La première raison, c'est la confusion savamment entretenue entre authenticité et licence artistique. Une ligne de démarcation floue, aux approximations soigneusement dorlotées. On sait bien que le cachet "basé sur des faits réels" est un ticket d'entrée de premier choix pour la nomination aux Oscars, et la réalisatrice ne s'en cache pas. Pourquoi pas, ce n'est pas la première fois (au hasard, le film sorti au Québec sous le nom "Esclave pendant douze ans", lui aussi co-produit par un certain Brad Pitt), et certainement pas la dernière. Mais là où Selma devient insupportable, c'est quand Ava DuVernay s'autorise de manière tout à fait décomplexée un travestissement de l'Histoire, où et quand ça l'arrange. Le scénario original montrait un président engagé en faveur de la cause des Noirs. Ne voulant pas « faire un film où un Blanc sauve les Noirs », mais plutôt « tourner un film qui fasse des gens de couleur des acteurs de leur vie » car « nous n’avons pas besoin d’être sauvés par quelqu’un qui débarquerait sur son cheval blanc », son film ne parle pas des « vrais participants à la marche de Selma », comme elle l’affirme, mais se contente de remplacer l’homme blanc providentiel par un Noir. Voilà un exemple parfait d'hagiographie partiale stupide et contre-productive, alimentant un culte simplificateur qui dessert totalement la cause qu'elle est censée défendre. Ava DuVernay a dangereusement joué à la limite entre réalité et fiction, en gonflant artificiellement l'aspect mélodramatique de son biopic à mesure qu'elle le vidait de sa sève politique. Car à ce niveau-là, c'est le vide absolu, et je ne m'attarderai pas sur les descriptions simplistes et monolithiques des principaux représentants politiques, du président Lyndon B. Johnson au gouverneur George Wallace (à qui le générique de fin semble crier "bien fait pour sa gueule" en parlant de sa maladie, on croit rêver). Il vaut sans doute cent fois mieux lire la page Wikipédia consacrée aux marches de Selma à Montgomery, personne n'essaiera de vous y faire pleurer et de déformer la réalité à dessein en toute impunité. Ou, mieux, lire l'article d'Adolph Reed Jr, un chercheur en sciences politiques à l'Université de Pennsylvanie spécialisé sur cette thématique, et dont un article avait été publié dans le Diplo : http://www.monde-diplomatique.fr/2015/03/REED_JR/52731.

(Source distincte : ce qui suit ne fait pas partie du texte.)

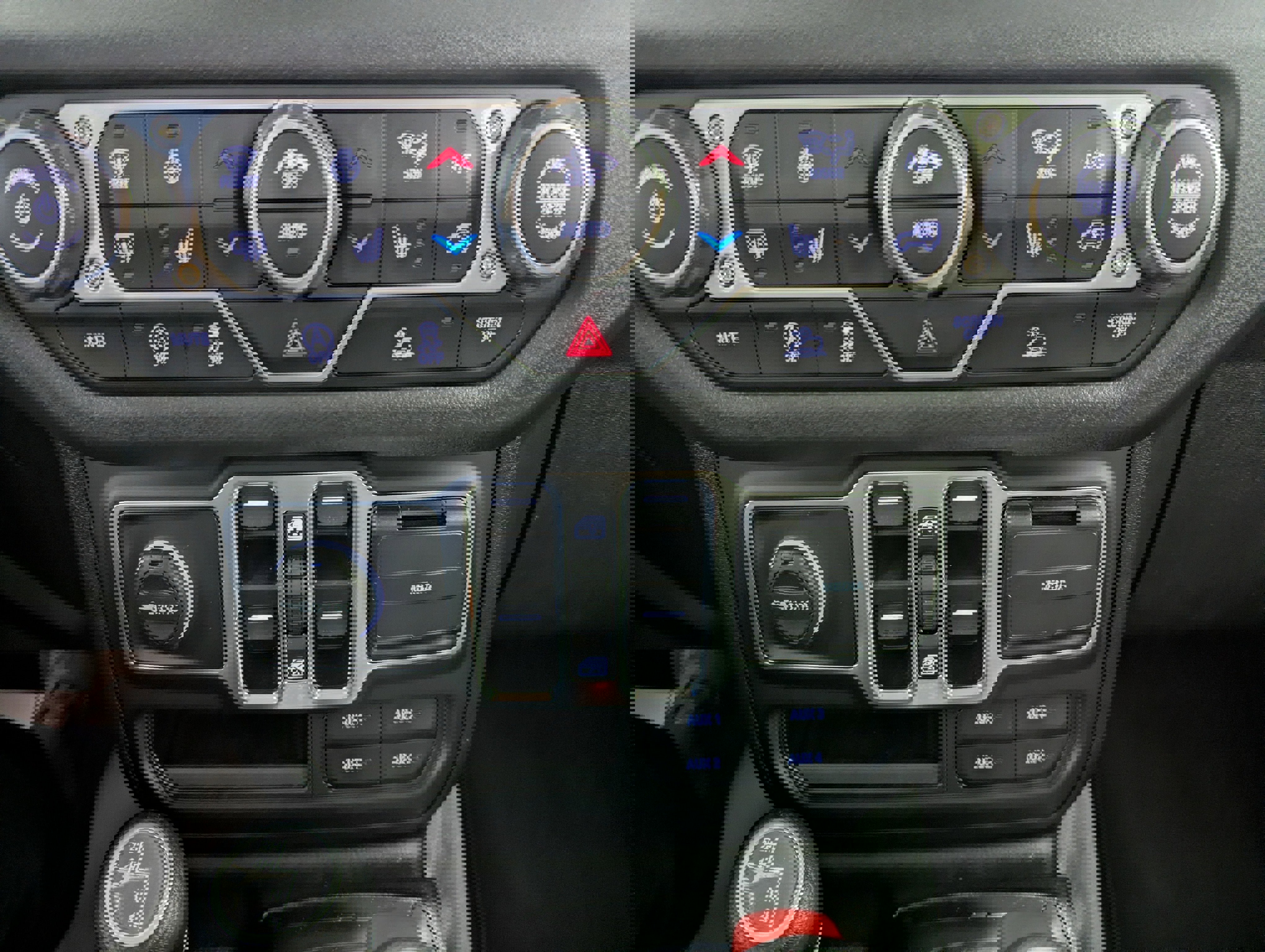 Used 2025 Jeep Wrangler Unlimited Sport image 17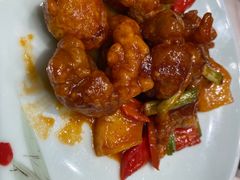 -稻香酒家·33年老字号·港式粤菜(富邦中心店)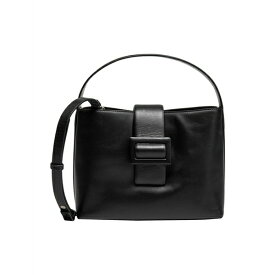 【送料無料】 アンドアザーストーリーズ レディース ハンドバッグ バッグ Handbags Black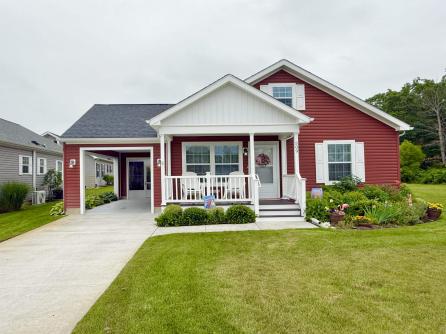 2058 Shore, Osprey Cove 509 Pelican, Seaville, NJ, 08230 Aditional Picture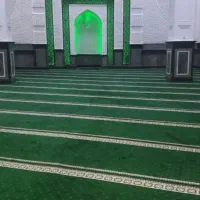 سجاده فرش ویژه تشریفاتی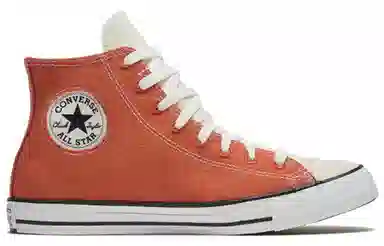 Converse Chuck Taylor All Star High Top Brick Red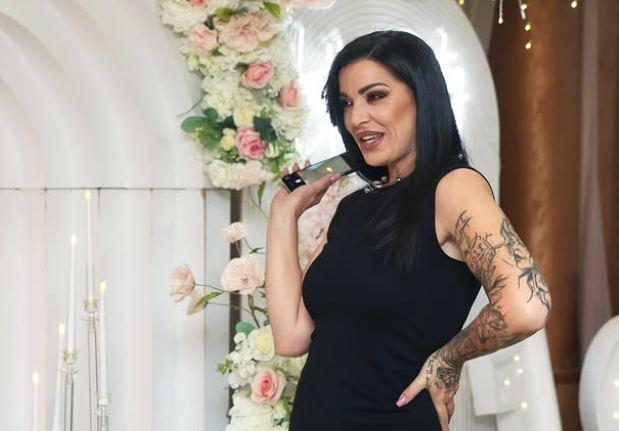  Zorica Erić brutalno o svom višku kilograma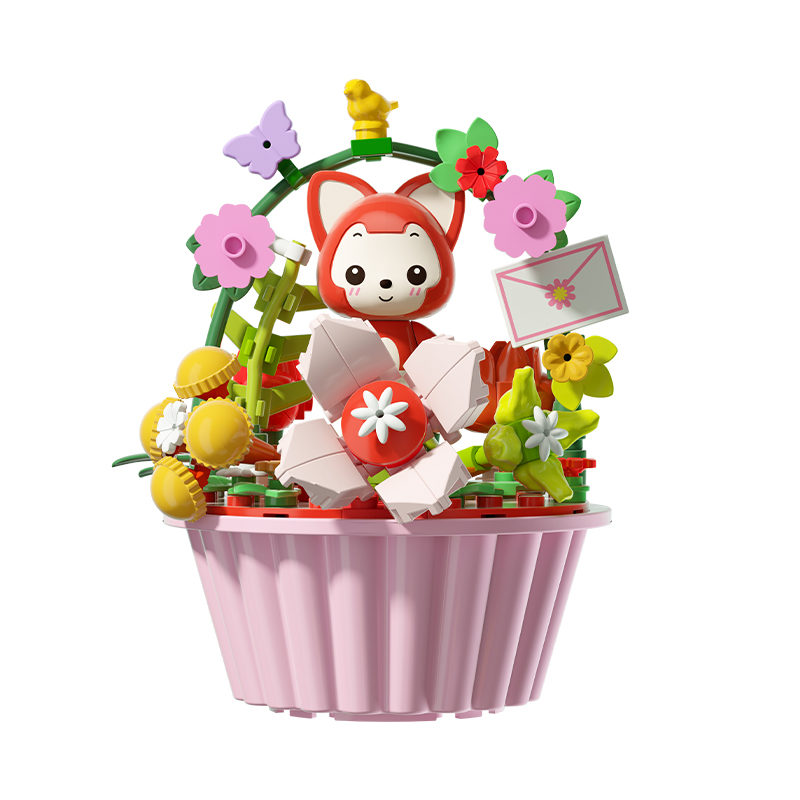 JK6502 阿貍莓莓派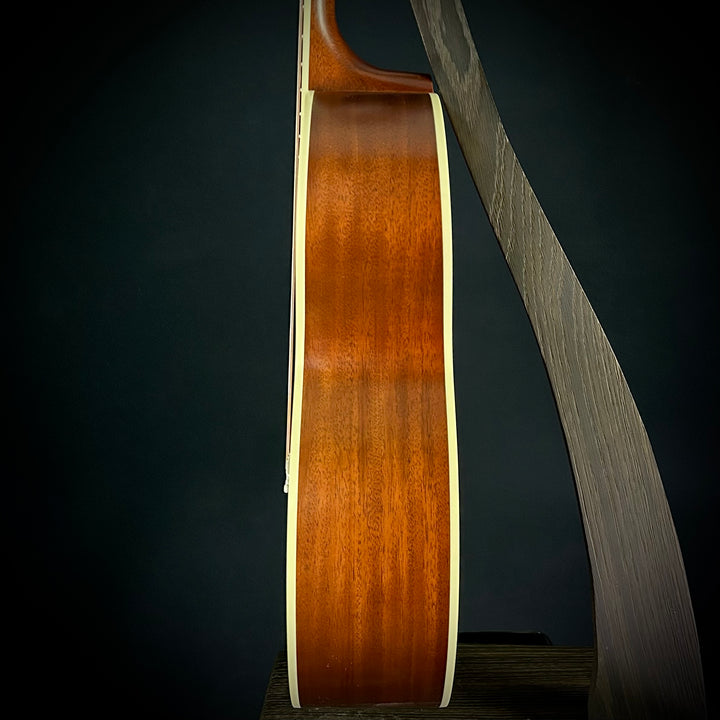 Gibson J-185 Century 12-Fret Vintage - Amber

La seconde raison, plus subtile, c'est l'utilisation d'un film retraçant des événements du milieu des années 60 comme tract en 2014. Comme si l'Histoire s'était arrêtée en 1965, comme si les concepts de « mouvement de libération des Noirs » et de « communauté noire » étaient restés les mêmes. Cette utilisation de faits historiques inscrits dans un contexte politique et social bien particulier, transposés tels quels dans la société contemporaine, est dans le meilleur des cas simpliste. Dans le pire des cas, totalement fallacieuse. Et au-delà de cet anachronisme maladroit et de ces imprécisions opportunistes, le film véhicule l'idée gênante selon laquelle les concepts qui sous-tendent l'existence de cette « communauté noire » auraient toujours été homogènes, cohérents, comme s'ils étaient indépendants des dynamiques politiques inhérentes à la société américaine. Comme s'il n'y avait jamais eu de tension de classe au sein de la population noire, hier comme aujourd'hui. Et c'est à ce moment-là qu'une envie saugrenue m'envahit : coller la réalisatrice devant l'excellent Blue Collar de Paul Schrader (réalisé en... 1978), en boucle, pendant 10 jours.